Когда я очнулся от своих грез, водоем опустел, наши попрятались, вода стала розовой, а водоросли бархатно потемнели. Пространство оцепенело — ни дуновения, ни шелоха, ни звука. Не знаю, зачем я выбрался на пустынный берег. Чувство внезапного одиночества обернулось лютой тоской, а тоска сразу нашла образ: взмах ресниц над темно-карими глазами. Кончики ресниц были так близко, что я мог дотянуться до них и уколоться. Если б мог!.. Вот я и получил ответ на вопрос, заданный себе утром: кто я? Со мной случилось самое худшее из всего, что могло принести новое существование: я был лягушкой с человечьей памятью и тоской.
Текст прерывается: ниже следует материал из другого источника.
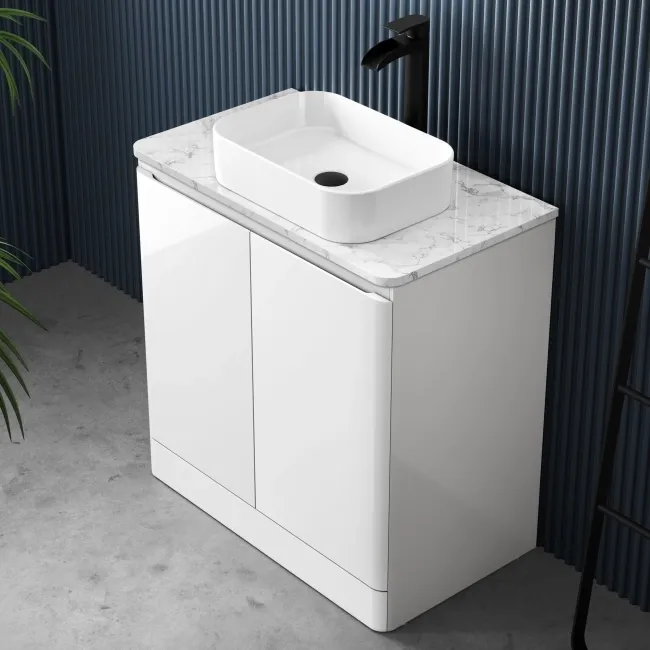 Corsica Gloss White Vanity with Marble Top & Marin Basin 800mm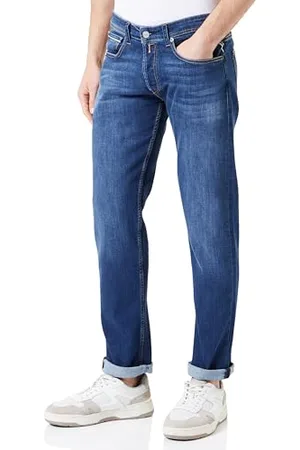 Replay Herren Jeans Grover Straight-Fit, Bleu foncé 007-3 (Blau), 30W / 34L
…Я видел дачную террасу в дождливый день исхода августа. Очередной дождь только что прошел, в густом саду измокшие листья тихо шевелились от стекающих капель, показывая то темную рубашку, то светлый испод. Текло по стеклам террасы, капало с крыши, струйкой бежало с водостока. Заросший, в туманной влаге сад походил на морское дно. А застекленную террасу легко было представить себе подводной лабораторией Жак-Ива Кусто, — казалось, вот-вот сквозь боярышник, рябину и яблони поплывут большие рыбы с жалобными ртами.
Алиса лежала на тахте, к ней приставал щенок эрдель, требуя, чтобы его почесали. У них была такая игра: Алиса чесала его длинными ногтями по крестцу от шеи к обрубку хвоста, он изгибался, задирал морду и часто-часто колотил левой лапой по полу. А потом она говорила, словно про себя: «Надо Проше бородку расчесать», — и он тут же, жалко ссутулившись и поджимая свой обрубок, убегал и с грохотом забивался под стол, чтобы минуты через две-три появиться опять с великой опаской, тогда все начиналось сначала. Это был ежедневный, слегка надоевший мне своим однообразием ритуал, но почему-то в тот день, когда мы погрузились в морскую пучину, я сказал себе на слезном спазме: «Это и есть счастье. Когда-нибудь ты вспомнишь о нем».